I've got Cox in Phoenix too and you'll need a Cable Card (obviously) and also a Tuning Adapter. Cox uses Switched digital for some of the channels and without it you'll have some that won't work. For the time being it's a bunch of channels nobody cares about (CSPAN, etc) but in the future they'll be adding more. You can pick up a Tuning Adapter for free from any of the Cox retail outlets - there's one near the Chandler Mall.


----------



## hddude55 (Jan 5, 2007)

Vortec4800 said:


> I've got Cox in Phoenix too and you'll need a Cable Card (obviously) and also a Tuning Adapter. Cox uses Switched digital for some of the channels and without it you'll have some that won't work. For the time being it's a bunch of channels nobody cares about (CSPAN, etc) but in the future they'll be adding more. You can pick up a Tuning Adapter for free from any of the Cox retail outlets - there's one near the Chandler Mall.


 And get ready for the tuning adapter to have a mind of its own, Anytime your TiVo reboots you will have to mess with your tuning adapter to get the channels that it converts.
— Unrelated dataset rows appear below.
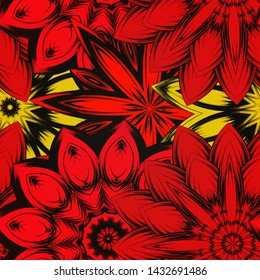Seamless floral background. The gradient can be off. Tracery handmade nature ethnic fabric backdrop pattern with flowers. Textile design texture. Decorative color art. Vector
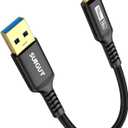 SUNGUY 10Gbps 6 inch/0.5FT Android Auto USB Cable, 3A USB C 3.1 Gen2 Cable Data Transfer, USB C CarPlay Cable Fast Charging Compatible with iPhone 17/16/15 Series, Samsung Galaxy S25 S24 Ultra, Pixel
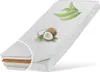 A white quilted mattress with layered cutaway view, featuring images of aloe vera and coconuts. Voir les images du produit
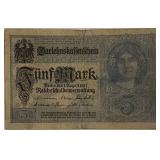 1917 Germany 5 Mark Banknote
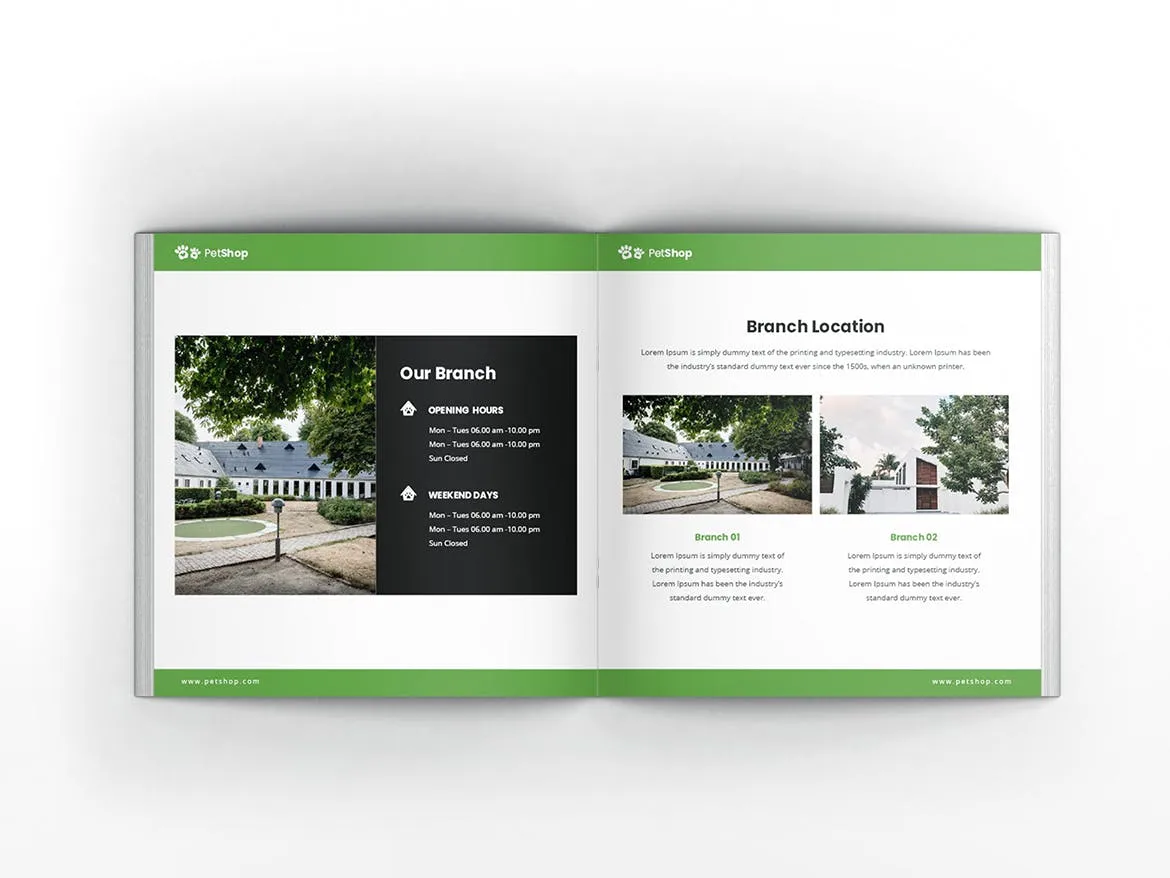 宠物店/宠物医院方形宣传册设计模板 Pet Shop Square Brochure Template插图(12)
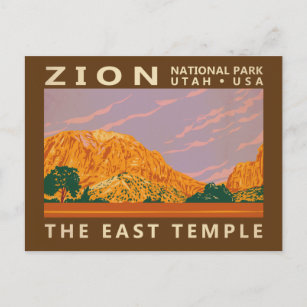 Zion National Park Utah East Temple  Briefkaart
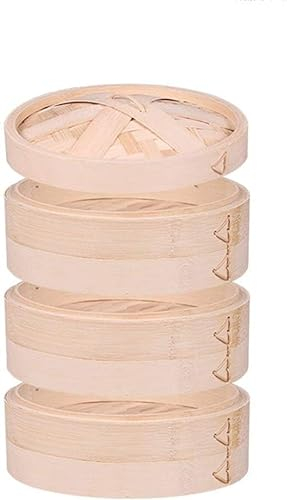Premium 7/8/10/12 Inch Handmade Bamboo Steamer 2/3 Tiers & Lid & Liners Natural Bamboo Dumpling Steamer Perfect for Steaming Dumplings, Vegetables, Meat, Fish, Rice (Color : 8inch, Size : 3pcs)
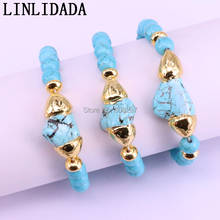 New Fashion 10Pcs Gold Color Natural Stone Connector Bracelet, Blue Howlite Stone Beaded Stretch Bracelets 2024 - buy cheap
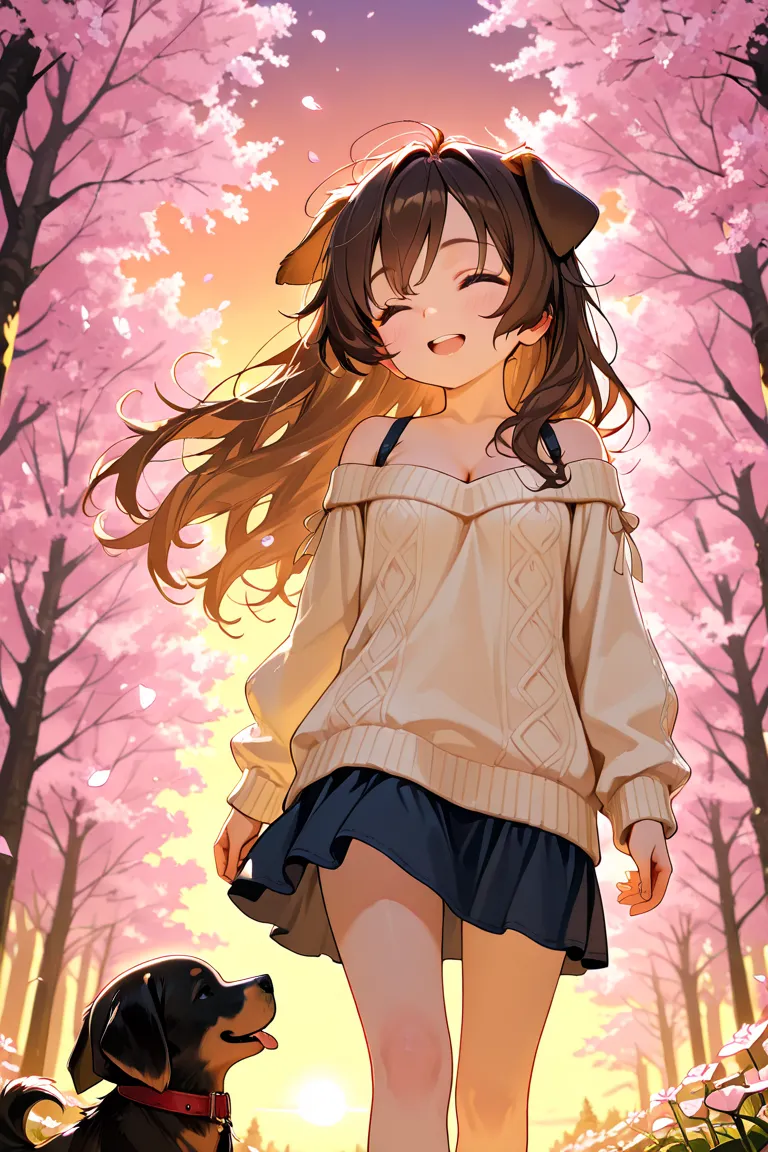 1girl, solo, loli, dog girl,
, long hair, messy hair , cleavage, off-shoulder sweater, floating hair, floating skirt, Hold own hair down with hand, 
go home, evening, Walking with Puppy, 
happy, 

spring, Sunset, Sunlit Cherry blossoms Forest, 
Flower peta...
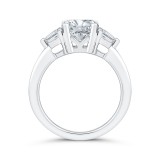 Shah Luxury 14K White Gold Three Stone Engagement Ring Center Asscher with Trillion sides Diamond photo 4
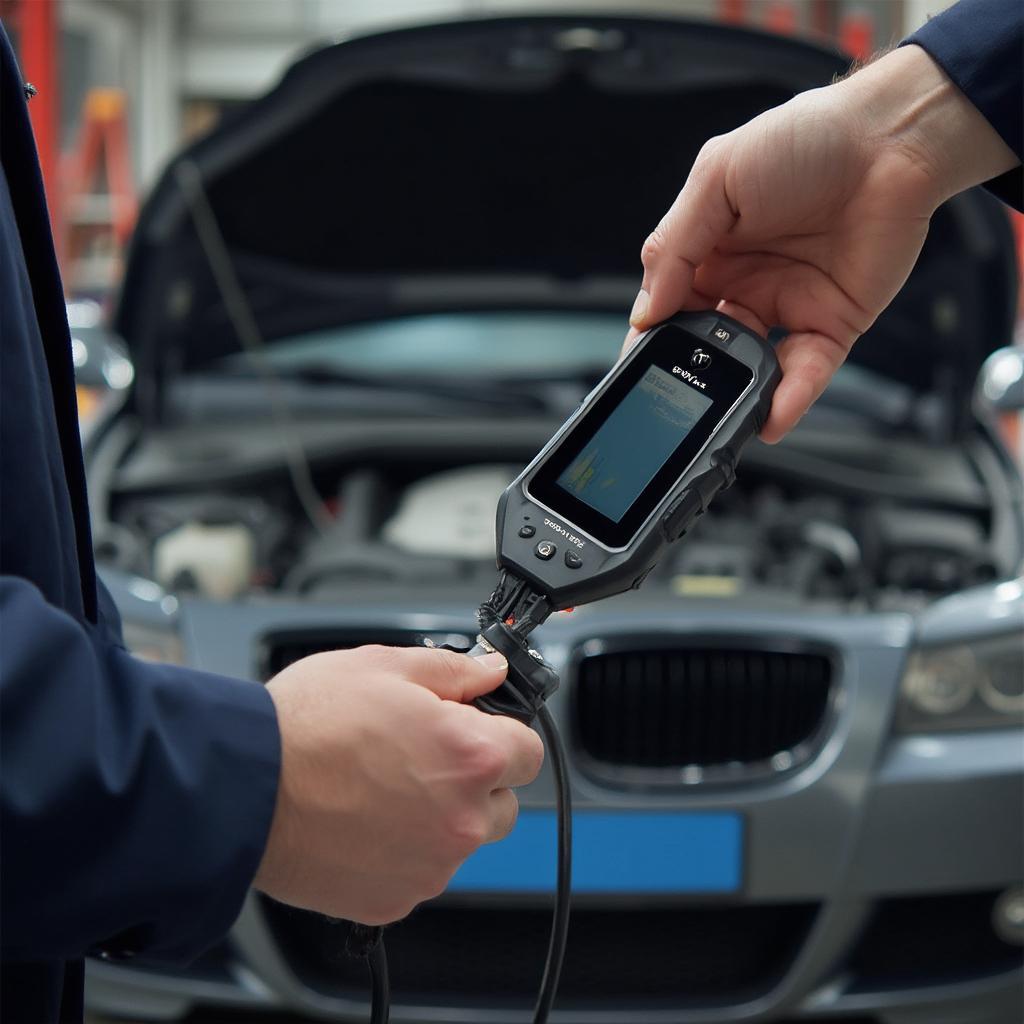 Mechanic Diagnosing a BMW with an OBD2 Scanner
I usually unplug it, plug it back it and turn the on-off button off and back on. With luck a few minutes to a half hour later you hopefully will get a message on your TV screen that a tuning adapter has been found. Between this piece of crap add-on hardware and the unreliable cable cards, the cable industry has pretty much assured TiVo's death. Of course TiVo doesn't need any help. The entire TiVo effort to bring HD to us has been a joke. One can only assume the great minds who developed the original SD TiVo's have moved on to more lucrative career opportunities.


----------



## Vortec4800 (Jan 5, 2010)

hddude55 said:


> And get ready for the tuning adapter to have a mind of its own, Anytime your TiVo reboots you will have to mess with your tuning adapter to get the channels that it converts. I usually unplug it, plug it back it and turn the on-off button off and back on. With luck a few minutes to a half hour later you hopefully will get a message on your TV screen that a tuning adapter has been found. Between this piece of crap add-on hardware and the unreliable cable cards, the cable industry has pretty much assured TiVo's death. Of course TiVo doesn't need any help. The entire TiVo effort to bring HD to us has been a joke. One can only assume the great minds who developed the original SD TiVo's have moved on to more lucrative career opportunities.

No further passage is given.